Energy: Looking for the free ecological lunch
- 28 March 2012
- From the section Science & Environment
A leak from a gas rig in the middle of the North Sea is once again throwing up questions about the relative safety of different forms of energy.
The story has so far been told from the human point of view, and why not - clearly it's very much a safety issue when you have inflammable gas percolating up through the sea, and some of the same gas on fire as it emerges from a stack on top of the Elgin rig.
With all the workers now off the rig, scientists are starting to look at the ecological effect of having so much gas bubbling into the water column.
They're the same type of questions that were asked in the aftermath of the Deepwater Horizon disaster in the Gulf of Mexico, and when the stricken Fukushima nuclear power station began flushing radioactive elements into the oceans just over a year ago.
Elgin field gas is mainly methane - the stuff we burn in our cookers - but it also contains related substances: propane and butane, as well as others such as hydrogen sulphide.
A "sheen" of condensate from this is apparently lying on the sea surface, containing up to about 20 tonnes of material.
What's of more concern ecologically is what impact the gases may have had as they bubbled up through the water, in quantities that have not yet been evaluated.
The UK Department of Energy and Climate Change (Decc) said "there is no indication of a risk of significant pollution to the environment".

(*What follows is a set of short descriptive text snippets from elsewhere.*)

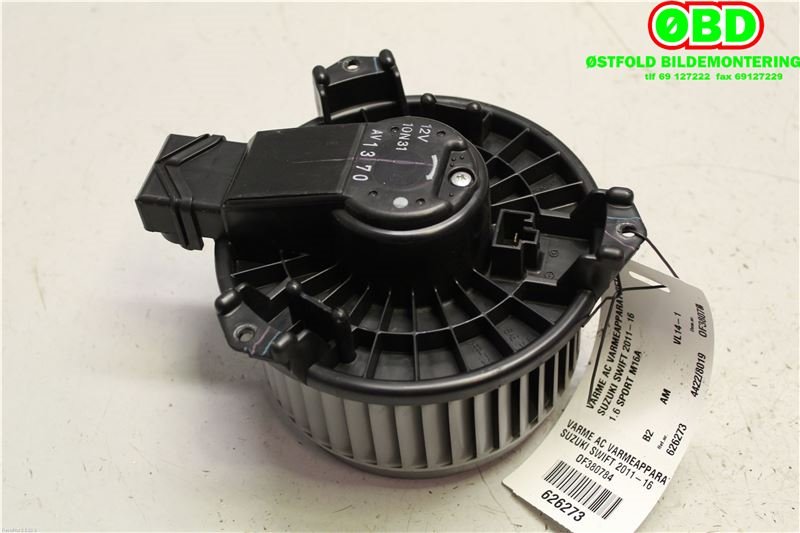 Varmeapparat motor til Suzuki Swift 2011-2017 (SUZUKI|74150-62JA0|)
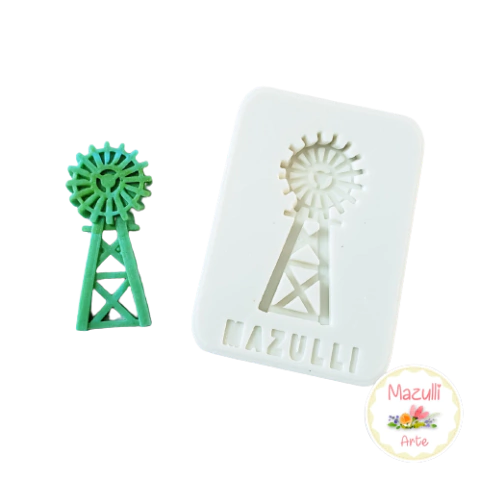 Moinho de vento - Fazendinha cod 2376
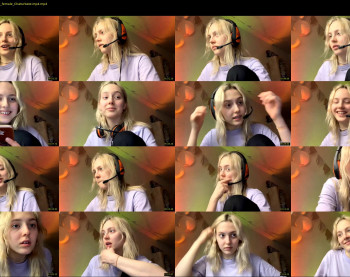 holydori — 16 minute Chaturbate female cam show recording, 720p, Apr 9, 2022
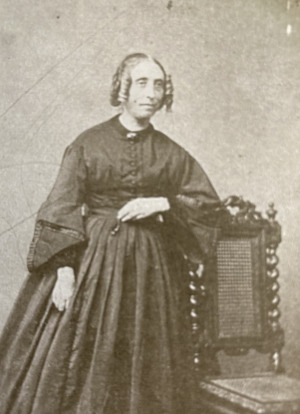 Portrait of Marthe Lageon-Bourdeau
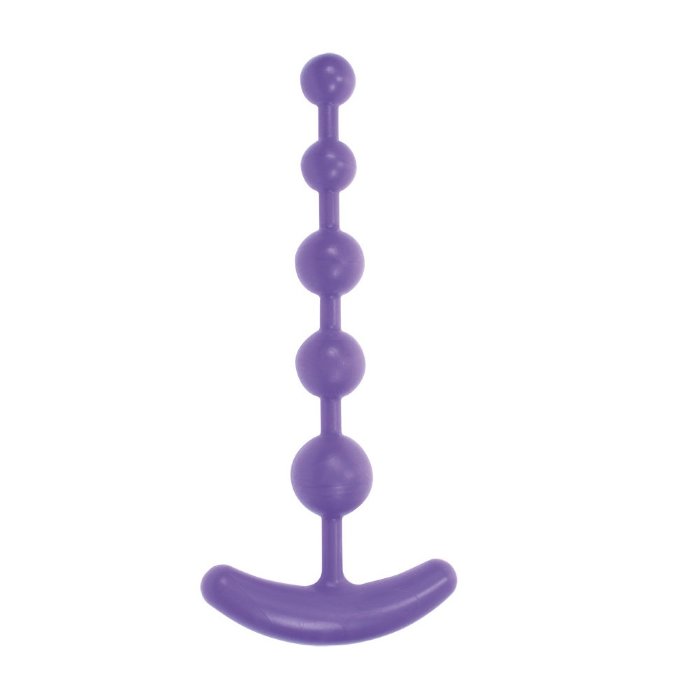 Me You Us Classic Anal Beads Purple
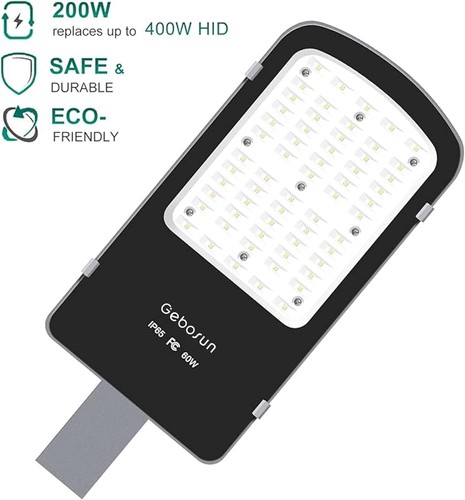 LED 200W Street & Flood Light - Waterproof & Shock Resistant, Easy Installation - Picture 5 of 11
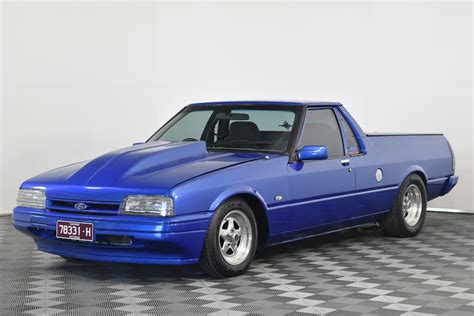 1986 FORD FALCON XF AUTOMATIC UTE - JCFD5094990 - JUST CARS
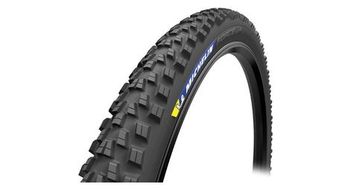 Michelin force am2 competition line 27 5   cubierta mtb tubeless ready escudo de gravedad plegable gum x e bike ready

Not all scientists are as sanguine.
"Methane and hydrogen sulphide, when dissolved in water, are highly toxic to most higher forms of marine life," said Christoph Gertler, who studies bioremediation at Bangor University.
"It can be assumed that fish will avoid the area immediately affected by the spill, but in any case the effects of hydrogen sulphide and methane are more acute than chronic, and there should be no accumulation in the food chain."

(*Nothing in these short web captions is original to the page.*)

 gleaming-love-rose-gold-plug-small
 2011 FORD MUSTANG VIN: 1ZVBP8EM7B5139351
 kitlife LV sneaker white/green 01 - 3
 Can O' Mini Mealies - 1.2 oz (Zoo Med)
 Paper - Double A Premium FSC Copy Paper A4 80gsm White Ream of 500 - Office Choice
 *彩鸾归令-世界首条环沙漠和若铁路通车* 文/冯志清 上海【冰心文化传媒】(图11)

Perhaps no long-term impact, then, but a possible short-term shock.
We're nearly two years on from the Deepwater Horizon disaster, which saw oil (along with gases such as methane) streaming into the Gulf of Mexico at rates of about 40,000 barrels a day for months. The impact on the coastline was starkly seen through oiled pelicans, dead seagrasses, and slicks stretching for miles.

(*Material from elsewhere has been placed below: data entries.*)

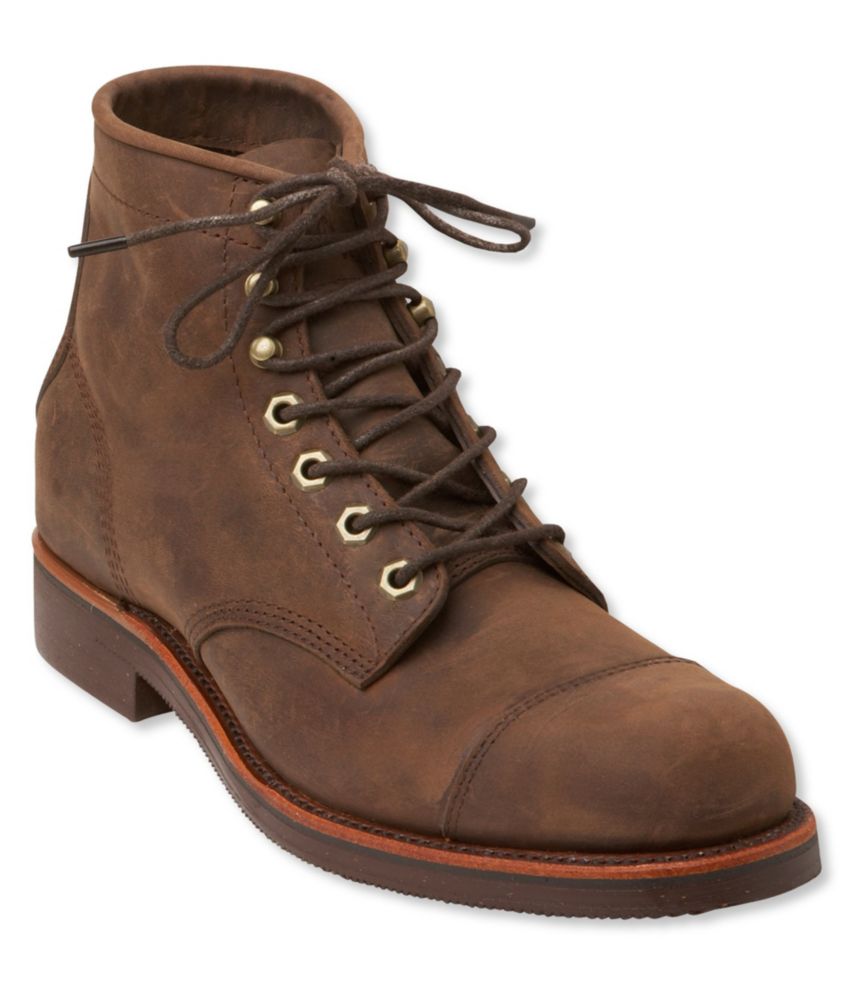 ll bean cap toe boot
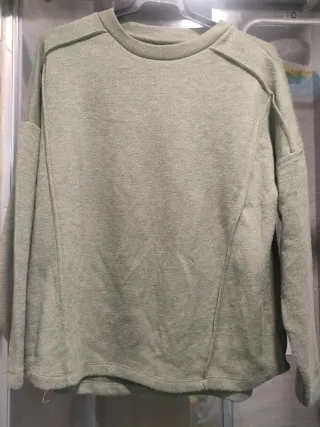 Jersey mujer talla XL verde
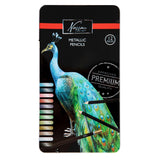 Nassau Fine Art Nassau Buntstifte Metallic, 12 Stk.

But underwater was a different matter. Only now is it becoming clear.
Last week the US National Oceanic and Atmospheric Administration (Noaa) said: "Since February 2010, more than 675 dolphins have stranded in the northern Gulf of Mexico - a much higher rate than the usual average of 74 dolphins per year."
Further along the coast, away from the peak oil plume, stranding rates are normal.
Noaa has declared this an Unusual Mortality Event and is investigating the causes of death. The main clue so far is that some of the dolphins show significant imbalances in hormone levels.
In one sense this is really surprising. Dolphins are among the most intelligent marine animals, highly mobile and adaptable.
So why didn't they take evasive action? There are several possible explanations.
You might also ask what the impacts are likely to be on other less intelligent, less mobile and less adaptable creatures.
The gulf is a spawning ground for fish including bluefin tuna; before too long we may discover whether Deepwater Horizon affected spawning during the 2010 Spring.
Half a world away, meanwhile, the impacts of the Fukushima outflow on marine life are equally hard to measure, but appear so far to be negligible.
In October, a US-Japanese research team published a scientific paper concluding that although much more research remained to be done, there appeared to be "minimal impact on marine biota or humans due to direct exposure [to radioactive nuclides] in surrounding ocean waters".
And just last month, one of the scientists involved, Ken Buesseler, told a US scientific meeting that although elements from Fukushima could be detected in organisms 600km from the stricken power station, their radioactivity was dwarfed by the natural radioactivity in seawater.
Bans on fishing and on eating fish remain in place, and Japan is setting tighter limits for acceptable levels of radioactive contamination in seafood products.
But overall, Fukushima - the largest ever release of radioactive material to the oceans apart from nuclear bomb explosions - has produced no impact on marine life that has yet been discerned.
(And plans to build a wind farm near Fukushima to replace lost electricity generation capacity and regional employment are under attack from fishermen, who fear the turbine towers will damage their generally productive fishing grounds.)
Meanwhile, marine mammals in the Arctic carry mercury levels high enough that they make toxic eating for indigenous peoples who have traditionally consumed them. The main anthropogenic source of mercury is coal burning, the heavy metal sent up power station chimneys and carried polewards on the wind.
We all need energy of some kind - and the global demand is set to increase as both the human population and our consumption grow.
So ecological footprint is a key factor in determining which energy sources to use - which is why we need to carefully dissect the impact of accidents such as Elgin, Deepwater Horizon and Fukushima.